The ceremony will be Webcast live, beginning at 7:30 p.m. Eastern, at [www.udel.edu/UMS/udlive].
As a Coast Guard captain, Brigham commanded the U.S. Coast Guard Cutter Polar Sea on a 1994 voyage from the Ross Ice Shelf in Antarctica to the North Pole. He currently is deputy director of the U.S. Arctic Research Commission.
The globe has previously been signed by more than 75 of the planet's most-celebrated explorers, including Amelia Earhart, Robert Peary, Roald Amundsen, Richard Byrd, John Glenn and Neil Armstrong.
According to tradition, a previous signer of the globe must introduce and “pass the pen” to Brigham. Fittingly, that past signer, Don Walsh, also has saltwater in his veins. Walsh, the first submersible pilot in the United States, entered the world's record books on Jan. 23, 1960, when he and Swiss scientist Jacques Piccard dived in the Navy bathyscaph Trieste to the deepest point in the ocean--nearly 7 miles underwater. The location was 35,840 feet beneath the surface of the Pacific in the Mariana Trench.
Also welcoming Brigham to the podium will be John Noble Wilford, who has served as science correspondent, assistant national news editor, and director of science news at The New York Times.
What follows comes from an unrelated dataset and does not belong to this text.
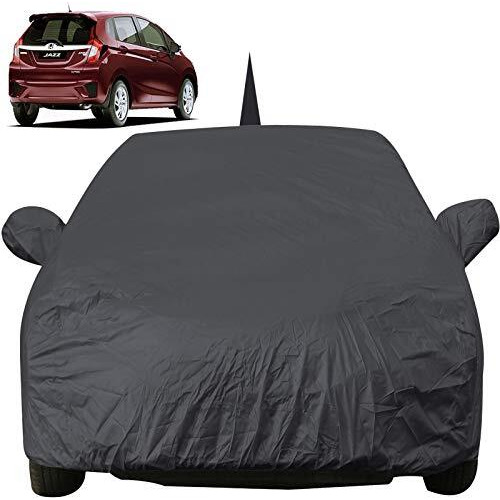 Jazz Dustproof Car Cover With Mirror & Antenna Pockets, Grey Color, Taffeta Polyster,Triple Stitched, Compatible With Honda Jazz Car Cover (2015 To 2024), Jazz Car Accessories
Wilford is the winner of two Pulitzer prizes--for national reporting of science topics in 1984, and as part of a team effort reporting on the Challenger space shuttle explosion and its aftermath in 1987. He has been the author, coauthor or editor of eight books and has received numerous awards, including the Westinghouse Science Writing Award and two honorary doctorates.
The event will kick off UD's William S. Carlson International Polar Year Events, named in honor of the UD president from 1946-1950, who was a distinguished polar explorer.